In 1925, the critic Fritz Karpfen published a portfolio of Ambrosi’s sculptures, describing how ‘a thousand mysterious sources are enriching and fertilising’ the mind of the artist. By that time, the volume and span of Ambrosi’s work had become truly remarkable, arching from portraiture to symbolist and figurative work. Sculptures like his Cain (1916) were compared to the work of Michelangelo for their emotional charge. At the same time, the artist was also compared to Rodin for his sculptural technique, which would often make images emerge from blocks of roughly hewn marble.
Ambrosi’s impressive portrait oeuvre represents important European intellectual and artists, such as Constantin Meunier, Friedrich Nietzsche, Richard Strauss and Franz Schubert. He was commissioned by the Prince of Lichtenstein, Franz Joseph II, and by the Austrian President, Karl Renner, to sculpt their portraits, as well as by the Vatican to produce busts for Pope Pius XI, Pius XII and Johannes XXIII.

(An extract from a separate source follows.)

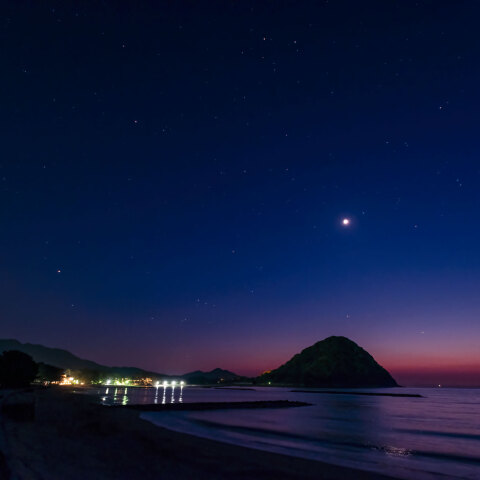冬のダイヤモンドに水星と四日月を添えて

In his career, Ambrosi exhibited throughout Europe and remained active until his death in July 1975. As a tribute to the sculptor, the State opened the Gustinus Ambrosi Museum, with a permanent collection of his work, in Vienna in October 1978.
The present bronze is signed ‘Ambrosi’ and dated 1919; it was likely cast from a plaster bearing the same signature and date, currently part of the Gustinus Ambrosi Museum collection. The piece represents the Greek myth of Orpheus and Eurydice, which was made famous in the first century BC by the Roman poet Virgil in his poem, Georgics.One day, the shepherd Aristaeus, enraptured by the beauty of Orpheus’ wife, started chasing her on a river bank. Frantically fleeing her suitor, Eurydice was bitten by a deadly snake hiding in the grass. As a result, Orpheus wandered across the Greek lands, playing his lyre so sorrowfully and sweetly that he moved to tears humans and animals alike. Virgil recounts how, as Orpheus arrived at the Gates of Hell, even Cerberus, the monstrous three-headed dog guarding the Underworld entrance, ‘held his three mouths gaping wide’ hearing Orpheus playing.

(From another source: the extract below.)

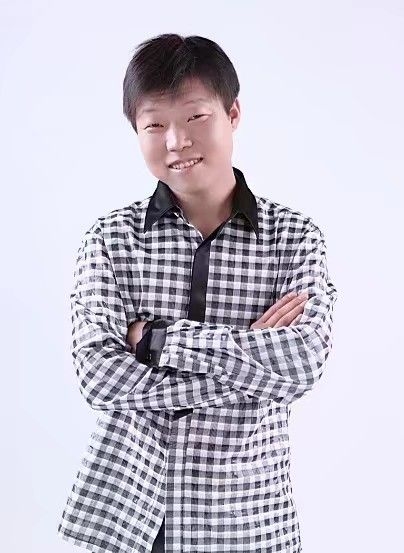 碧海升明月的第一张照片--滨州相亲服务中心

The young demi-god’s lament touched Hell’s monstrous guardian as well as its master, Proserpine. The Queen of the Underworld allowed Orpheus to lead his departed wife back to the world of the living, however with one condition: that he should never turn to look at her before they reached the surface of Earth above.
Ambrosi’s piece represents the tragic moment in which Orpheus, not hearing the footsteps of his dead wife’s soul, tragically turns to make sure she is still behind him, breaking the pact he has made with Proserpine and condemning Eurydice to return to the World of the Dead. While in Virgil’s narrative the soul disappears ‘like smoke vanishing in thin air’, Ambrosi increases the pathetic charge of his composition by adding two hands, which, appearing from the rock, grasp the woman’s ankles. Thus, the Dead reclaim their companion, physically removing Eurydice from her lover’s embrace.
The circularity of the composition forces the viewer to engage continuously with Ambrosi’s piece, re-activating the performance of its tragic subject. The stark depiction of the bodies’ torsion and musculature increases the drama of the scene.